(Dataset excerpts)
--

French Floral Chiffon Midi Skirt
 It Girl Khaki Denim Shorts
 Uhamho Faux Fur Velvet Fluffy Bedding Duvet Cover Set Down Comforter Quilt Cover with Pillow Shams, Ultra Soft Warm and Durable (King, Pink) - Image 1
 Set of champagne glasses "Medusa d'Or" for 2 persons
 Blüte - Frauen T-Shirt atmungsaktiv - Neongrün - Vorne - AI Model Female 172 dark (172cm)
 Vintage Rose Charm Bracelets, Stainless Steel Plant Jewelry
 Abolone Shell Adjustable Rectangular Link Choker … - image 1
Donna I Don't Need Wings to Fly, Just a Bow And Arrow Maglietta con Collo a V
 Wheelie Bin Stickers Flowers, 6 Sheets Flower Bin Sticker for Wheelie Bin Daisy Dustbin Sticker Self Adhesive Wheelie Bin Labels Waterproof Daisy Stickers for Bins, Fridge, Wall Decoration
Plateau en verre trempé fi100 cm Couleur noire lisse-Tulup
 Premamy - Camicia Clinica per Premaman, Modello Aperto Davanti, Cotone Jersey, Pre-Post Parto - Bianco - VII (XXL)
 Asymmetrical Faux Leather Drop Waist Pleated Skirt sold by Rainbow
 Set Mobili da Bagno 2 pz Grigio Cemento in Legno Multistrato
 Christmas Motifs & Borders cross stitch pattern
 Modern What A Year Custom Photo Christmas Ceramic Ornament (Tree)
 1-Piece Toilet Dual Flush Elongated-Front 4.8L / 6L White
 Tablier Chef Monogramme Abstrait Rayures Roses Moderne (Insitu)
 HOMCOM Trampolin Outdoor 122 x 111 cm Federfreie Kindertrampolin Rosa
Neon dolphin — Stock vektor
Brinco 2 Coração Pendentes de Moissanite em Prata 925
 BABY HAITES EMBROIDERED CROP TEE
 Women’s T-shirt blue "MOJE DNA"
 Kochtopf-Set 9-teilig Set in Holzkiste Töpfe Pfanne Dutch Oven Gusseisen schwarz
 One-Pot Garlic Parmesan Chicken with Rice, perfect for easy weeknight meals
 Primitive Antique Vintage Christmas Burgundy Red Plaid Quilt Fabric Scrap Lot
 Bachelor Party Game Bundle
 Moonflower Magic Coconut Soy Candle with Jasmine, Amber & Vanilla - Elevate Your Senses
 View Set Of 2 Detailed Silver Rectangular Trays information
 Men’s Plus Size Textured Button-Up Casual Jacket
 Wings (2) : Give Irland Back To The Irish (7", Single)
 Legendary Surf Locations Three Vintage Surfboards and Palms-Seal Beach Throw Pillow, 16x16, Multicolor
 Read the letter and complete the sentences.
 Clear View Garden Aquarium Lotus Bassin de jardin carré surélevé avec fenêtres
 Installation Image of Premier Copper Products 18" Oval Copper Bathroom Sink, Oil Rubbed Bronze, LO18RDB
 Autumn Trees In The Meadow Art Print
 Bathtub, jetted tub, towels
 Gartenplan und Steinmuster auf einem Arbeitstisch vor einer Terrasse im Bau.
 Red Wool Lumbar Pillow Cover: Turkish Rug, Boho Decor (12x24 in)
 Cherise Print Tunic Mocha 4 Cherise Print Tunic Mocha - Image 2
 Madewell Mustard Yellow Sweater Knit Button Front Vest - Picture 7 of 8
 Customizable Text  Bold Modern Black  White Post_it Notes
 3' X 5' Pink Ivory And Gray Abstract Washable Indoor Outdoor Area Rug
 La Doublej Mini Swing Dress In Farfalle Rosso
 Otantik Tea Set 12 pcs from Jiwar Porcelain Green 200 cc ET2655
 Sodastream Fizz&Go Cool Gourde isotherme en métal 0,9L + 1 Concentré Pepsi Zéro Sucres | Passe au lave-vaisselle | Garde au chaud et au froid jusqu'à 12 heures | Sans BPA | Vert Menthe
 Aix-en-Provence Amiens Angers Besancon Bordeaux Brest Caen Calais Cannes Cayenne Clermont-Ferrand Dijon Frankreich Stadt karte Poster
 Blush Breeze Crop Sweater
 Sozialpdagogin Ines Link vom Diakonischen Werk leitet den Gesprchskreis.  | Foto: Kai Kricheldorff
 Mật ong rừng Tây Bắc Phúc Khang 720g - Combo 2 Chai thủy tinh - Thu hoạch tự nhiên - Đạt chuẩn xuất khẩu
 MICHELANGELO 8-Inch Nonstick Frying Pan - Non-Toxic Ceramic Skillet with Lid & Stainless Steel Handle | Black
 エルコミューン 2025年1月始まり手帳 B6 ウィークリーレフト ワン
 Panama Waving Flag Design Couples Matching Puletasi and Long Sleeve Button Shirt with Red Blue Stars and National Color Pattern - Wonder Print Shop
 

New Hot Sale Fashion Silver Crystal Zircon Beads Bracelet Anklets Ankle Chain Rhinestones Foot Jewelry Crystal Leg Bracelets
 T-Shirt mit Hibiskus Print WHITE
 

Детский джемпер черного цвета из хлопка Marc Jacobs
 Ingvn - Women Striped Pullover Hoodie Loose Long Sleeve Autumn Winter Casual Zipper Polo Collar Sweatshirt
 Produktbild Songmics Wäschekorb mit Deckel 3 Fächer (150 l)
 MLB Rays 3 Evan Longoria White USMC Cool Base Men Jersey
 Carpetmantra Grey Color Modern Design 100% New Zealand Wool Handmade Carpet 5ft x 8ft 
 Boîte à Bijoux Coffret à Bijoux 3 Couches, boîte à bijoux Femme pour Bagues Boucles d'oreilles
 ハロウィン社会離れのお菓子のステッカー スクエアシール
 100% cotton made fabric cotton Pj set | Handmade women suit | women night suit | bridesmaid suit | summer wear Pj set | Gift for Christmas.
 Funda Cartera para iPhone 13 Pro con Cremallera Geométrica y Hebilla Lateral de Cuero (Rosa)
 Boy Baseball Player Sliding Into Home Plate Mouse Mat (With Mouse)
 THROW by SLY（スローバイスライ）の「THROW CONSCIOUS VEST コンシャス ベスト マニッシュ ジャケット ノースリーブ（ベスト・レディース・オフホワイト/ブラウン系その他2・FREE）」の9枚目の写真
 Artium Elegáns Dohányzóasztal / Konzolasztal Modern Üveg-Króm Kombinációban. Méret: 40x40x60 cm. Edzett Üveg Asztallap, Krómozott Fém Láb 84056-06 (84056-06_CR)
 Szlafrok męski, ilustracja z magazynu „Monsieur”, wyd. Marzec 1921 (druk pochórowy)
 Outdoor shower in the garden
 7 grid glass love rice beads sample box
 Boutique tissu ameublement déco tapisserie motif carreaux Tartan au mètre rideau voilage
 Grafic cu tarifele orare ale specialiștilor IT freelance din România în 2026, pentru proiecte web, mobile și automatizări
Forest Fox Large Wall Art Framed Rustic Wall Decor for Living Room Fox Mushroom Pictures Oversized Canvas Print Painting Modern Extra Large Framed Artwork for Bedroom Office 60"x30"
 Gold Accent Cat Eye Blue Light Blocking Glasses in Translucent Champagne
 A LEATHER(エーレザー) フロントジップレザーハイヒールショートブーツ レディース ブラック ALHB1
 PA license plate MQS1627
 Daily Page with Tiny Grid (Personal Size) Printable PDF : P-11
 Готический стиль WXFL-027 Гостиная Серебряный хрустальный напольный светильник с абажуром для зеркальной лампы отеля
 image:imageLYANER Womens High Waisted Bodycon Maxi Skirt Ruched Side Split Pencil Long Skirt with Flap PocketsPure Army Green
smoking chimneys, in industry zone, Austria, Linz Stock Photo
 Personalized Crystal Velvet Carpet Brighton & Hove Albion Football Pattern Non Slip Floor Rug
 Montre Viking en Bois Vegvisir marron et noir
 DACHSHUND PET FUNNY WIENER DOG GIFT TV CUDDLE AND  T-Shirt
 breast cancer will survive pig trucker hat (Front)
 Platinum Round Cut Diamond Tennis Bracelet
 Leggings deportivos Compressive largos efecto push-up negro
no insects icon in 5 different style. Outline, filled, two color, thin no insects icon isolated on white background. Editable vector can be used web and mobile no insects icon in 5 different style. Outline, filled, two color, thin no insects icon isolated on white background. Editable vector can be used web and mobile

--

- Aim of the exercise -
Only the lines above, from the first through the one holding "Plateau en verre", are to be output, and they must be copied exactly.

- Finished exercise -
French Floral Chiffon Midi Skirt
 It Girl Khaki Denim Shorts
 Uhamho Faux Fur Velvet Fluffy Bedding Duvet Cover Set Down Comforter Quilt Cover with Pillow Shams, Ultra Soft Warm and Durable (King, Pink) - Image 1
 Set of champagne glasses "Medusa d'Or" for 2 persons
 Blüte - Frauen T-Shirt atmungsaktiv - Neongrün - Vorne - AI Model Female 172 dark (172cm)
 Vintage Rose Charm Bracelets, Stainless Steel Plant Jewelry
 Abolone Shell Adjustable Rectangular Link Choker … - image 1
Donna I Don't Need Wings to Fly, Just a Bow And Arrow Maglietta con Collo a V
 Wheelie Bin Stickers Flowers, 6 Sheets Flower Bin Sticker for Wheelie Bin Daisy Dustbin Sticker Self Adhesive Wheelie Bin Labels Waterproof Daisy Stickers for Bins, Fridge, Wall Decoration
Plateau en verre trempé fi100 cm Couleur noire lisse-Tulup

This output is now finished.